**What is needed:** Your copy of the entries below should hold exactly the lines from the one containing "Sium suave, nicknamed" to the one containing "So without further", inclusive, and no pictures.

**Exercise inputs:**
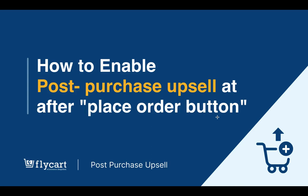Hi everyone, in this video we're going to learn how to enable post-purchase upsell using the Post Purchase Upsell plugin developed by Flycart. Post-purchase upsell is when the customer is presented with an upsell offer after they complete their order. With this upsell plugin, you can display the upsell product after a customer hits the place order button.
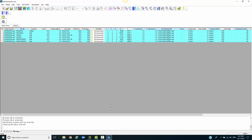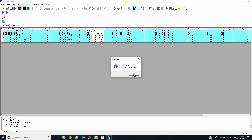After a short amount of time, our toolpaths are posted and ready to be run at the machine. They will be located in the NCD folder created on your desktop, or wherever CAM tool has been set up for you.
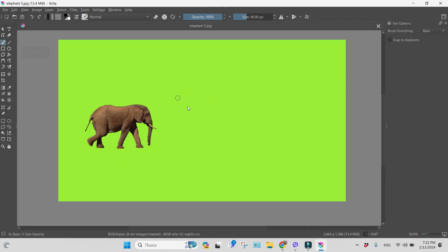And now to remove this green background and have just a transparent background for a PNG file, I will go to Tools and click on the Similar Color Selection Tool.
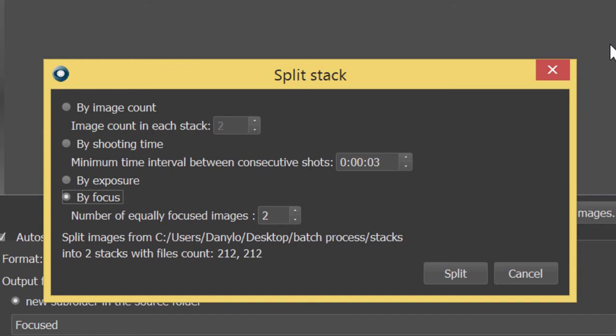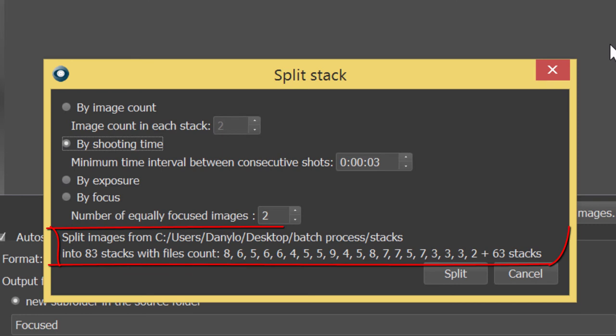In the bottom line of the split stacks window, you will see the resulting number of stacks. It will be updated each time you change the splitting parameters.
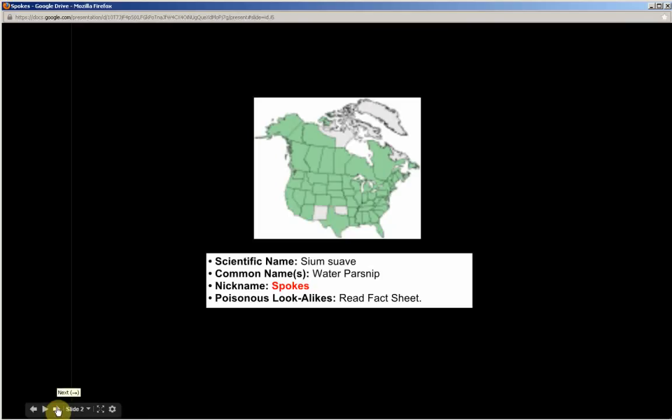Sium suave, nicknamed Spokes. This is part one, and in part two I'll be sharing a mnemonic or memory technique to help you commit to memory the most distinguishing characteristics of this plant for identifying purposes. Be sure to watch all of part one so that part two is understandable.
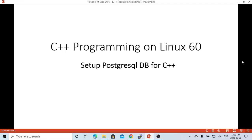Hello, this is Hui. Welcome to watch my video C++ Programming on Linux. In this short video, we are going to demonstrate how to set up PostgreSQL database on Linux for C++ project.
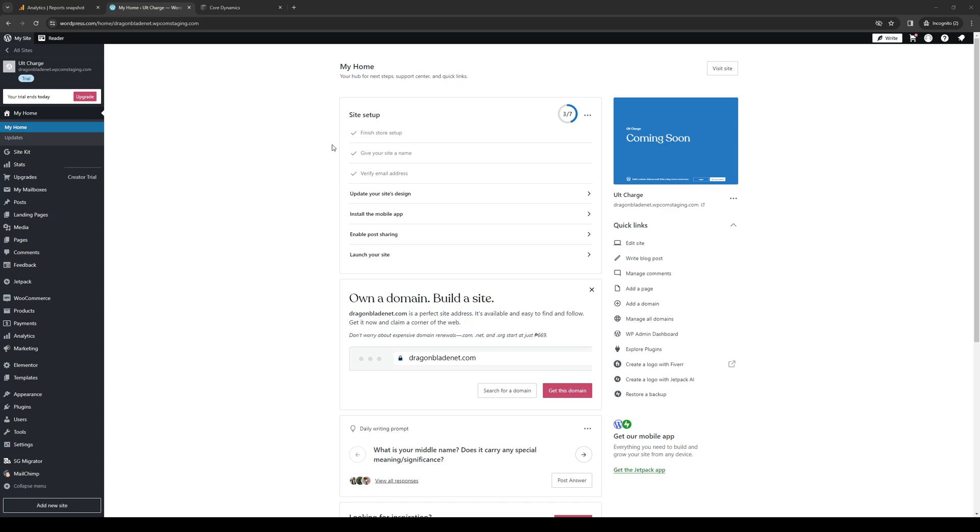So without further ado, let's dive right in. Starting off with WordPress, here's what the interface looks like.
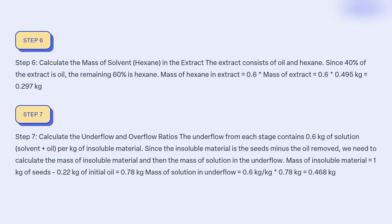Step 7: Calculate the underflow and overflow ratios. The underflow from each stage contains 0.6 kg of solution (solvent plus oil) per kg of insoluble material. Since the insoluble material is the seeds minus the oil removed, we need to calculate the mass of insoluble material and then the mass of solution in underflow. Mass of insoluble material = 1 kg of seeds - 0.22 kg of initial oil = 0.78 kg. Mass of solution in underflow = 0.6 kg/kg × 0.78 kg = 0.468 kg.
--
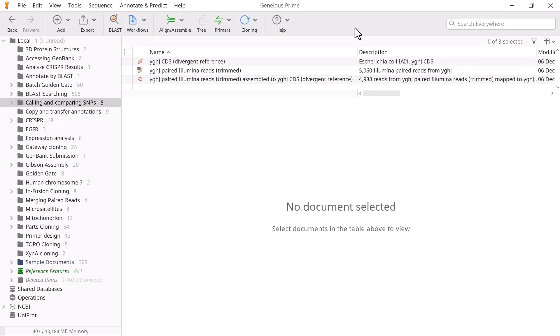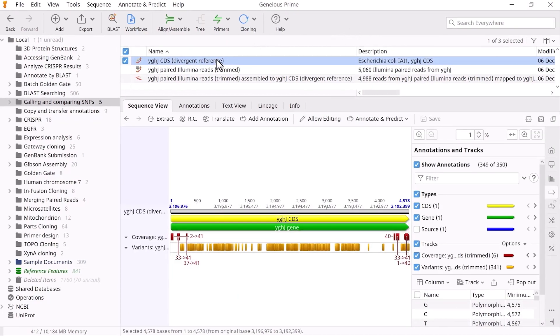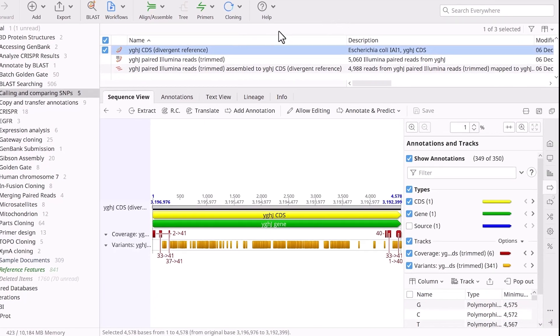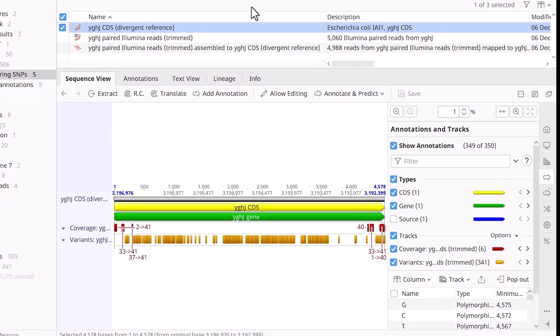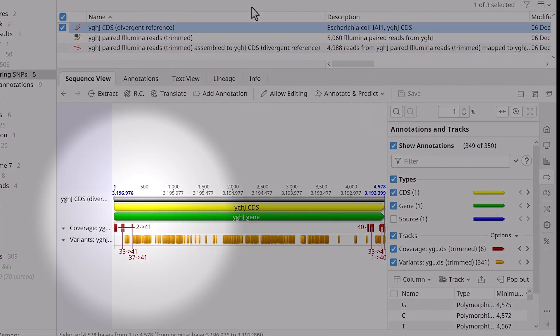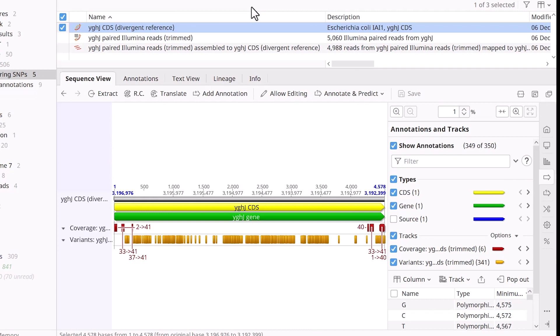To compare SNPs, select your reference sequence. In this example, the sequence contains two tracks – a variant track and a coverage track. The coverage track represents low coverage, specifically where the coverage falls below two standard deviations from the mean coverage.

**Answer space:**
Sium suave, nicknamed Spokes. This is part one, and in part two I'll be sharing a mnemonic or memory technique to help you commit to memory the most distinguishing characteristics of this plant for identifying purposes. Be sure to watch all of part one so that part two is understandable.
Hello, this is Hui. Welcome to watch my video C++ Programming on Linux. In this short video, we are going to demonstrate how to set up PostgreSQL database on Linux for C++ project.
So without further ado, let's dive right in. Starting off with WordPress, here's what the interface looks like.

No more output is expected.